A matéria em questão atém-se ao contrato de arrendamento que, como já referido, consiste em uma das partes conceder à outra o gozo temporário de um prédio urbano, no todo ou em parte, mediante o pagamento de uma renda;
Dessa definição exaltamos dois momentos, quais sejam: 1° A cedência temporária de um prédio urbano;
2° O pagamento de uma renda.
Posto isto, porque se impõe, foquemo-nos à cronologia dos factos:
Aos 30.04.1984, o Autor e a Secretaria de Estado da Habitação, celebraram contrato de arrendamento, existindo recibos de rendas até Dezembro de 1993;
Aos 18.03.1994, a Ré solicitou ao Ministro das Finanças a compra do imóvel;
Aos 18.11.1994, a Direcção Provincial da Habitação, concedeu à Ré, título de ocupação do imóvel;
Aos 13.02.1997, a Ré e a D.P.H., celebraram contrato de arrendamento;
Aos 29.04.1999, o Governo Provincial informou ao Réu que o imóvel seria alienado a favor da Xx;
Aos 01.07.1999, a Comissão Nacional para Venda do Património Habitacional do Estado, passou Termo de Quitação para a venda do imóvel à Ré;
Aos 14.08.2003, esta Comissão informou à Ré, que, por existir reivindicação do imóvel pelo Autor, o processo ficaria suspenso até resolução por via judicial.
Com efeito, analisada a sequência dos factos, claramente descortinamos que a
D.P.H. celebrou dois contratos de arrendamento, um primeiro com o Autor e um segundo com a Ré.
Assim sendo, uma questão se levanta:
A D.P.H. podia ou não celebrar contrato de arrendamento com a Ré? Não nos parece, porquanto;
Compulsados os autos, nele não encontramos documento com força probatória bastante que indicasse ter havido extinção do contrato celebrado com o Autor, formalismo exigido, a depreender do que se retira do n.º1, do artigo 44.º do Decreto n.º 43525, de 7 de Março de 1961 (Lei do Inquilinato), segundo o qual:
"1. O arrendamento reduzido a escrito só pode ser revogado por documento, pelo menos, de igual força.
2…
3…
4.,," (negritado nosso).
Ademais, do artigo 1.º, do Decreto-Lei n.º 6/92, de 24 de Janeiro, que, dado o interesse o transcrevemos:
“Os litígios sobre a ocupação ilegal de imóveis urbanos e rústicos voltam a ser exclusivamente conhecidos e resolvidos, em primeira instância, pelas Salas do Cível e Administração dos Tribunais Populares Provinciais, de acordo com a legislação em vigor". (negritado nosso);
Infere-se que, sempre que ocorra litigio sobre a titularidade/propriedade de determinado imóvel, esse será dirimido pelos Tribunais;
Por essa razão, constituía-se numa conditio sine qua non, uma de duas situações, a extinção do contrato por via de acordo ou a extinção por via judicial.

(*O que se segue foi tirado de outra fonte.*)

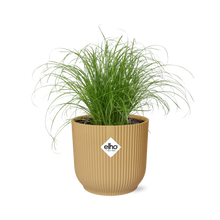Kamerplant - Cyperus Alternifolius Zumula - Pot Ø 14cm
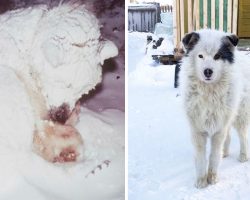 Dog spent two days freezing in winter to protect human baby abandoned in the cold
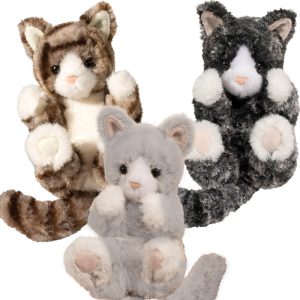 Lil’ Handful Kitten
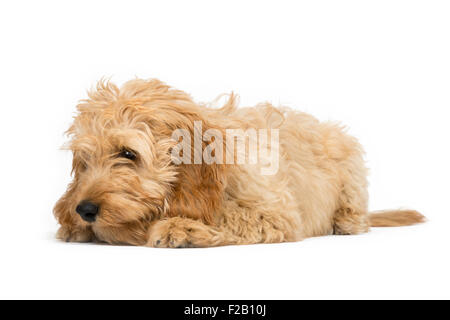 Vier Monate alten Cockapoo Welpen Verlegung mit weißem Hintergrund Stockfoto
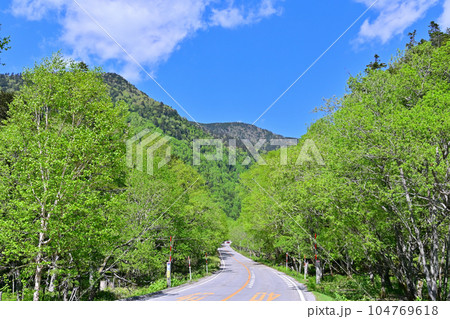 群馬県　片品村　菅沼付近の初夏　新緑の山並み　国道120号線 104769618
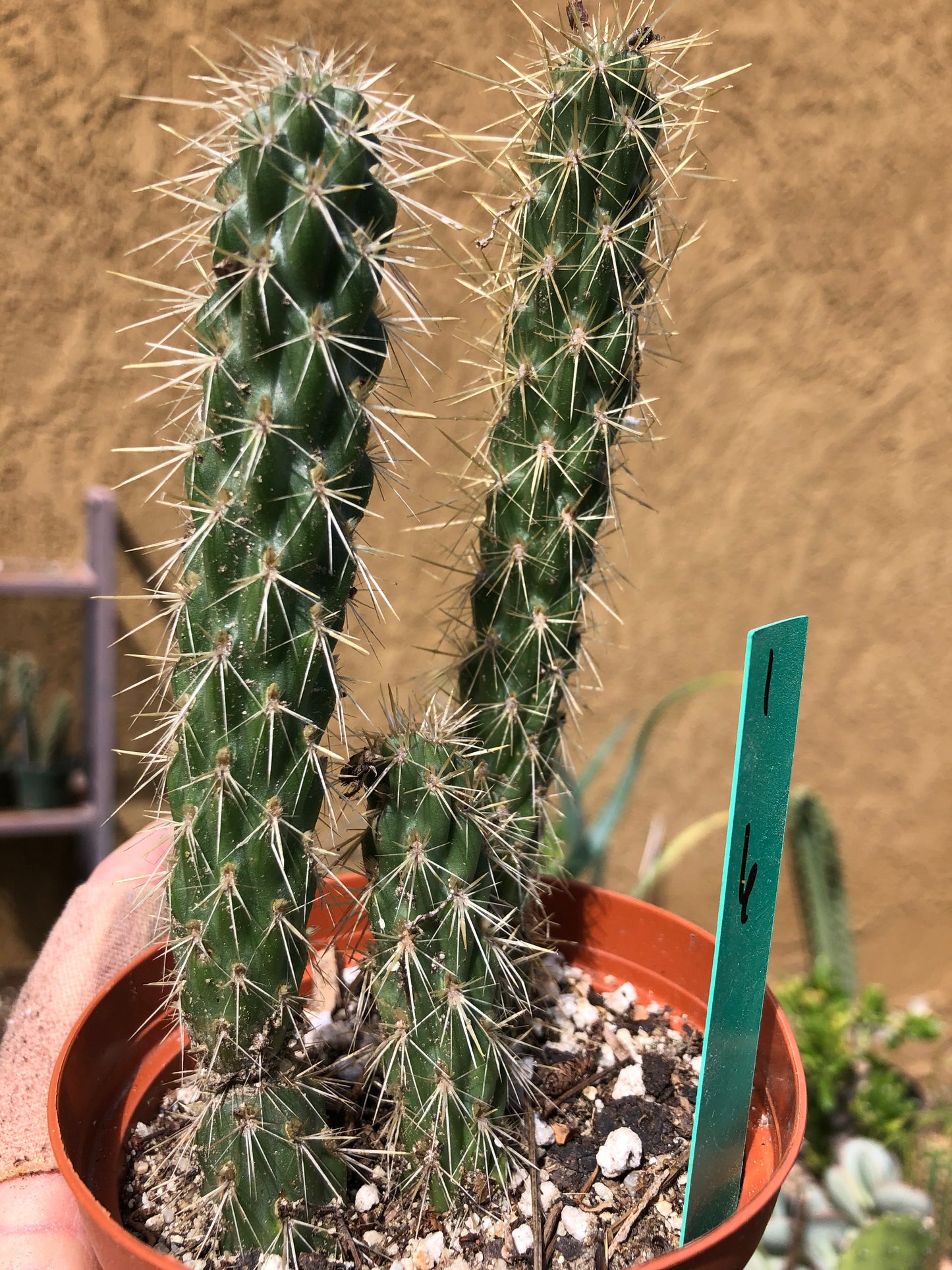 Cylindropuntia imbricata Buckhorn Cholla 6”Tall #1G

Ora, não tendo assim procedido, ou seja, ao ter celebrado novo contrato sem a rescisão do anterior, a Direcção Provincial da Habitação, exacerbou as competências descritas no diploma legal acima indicado.
Destarte, em conclusão, somos a afirmar que, o contrato de arrendamento celebrado entre Autor e a D.P.H., permanece válido e em vigor.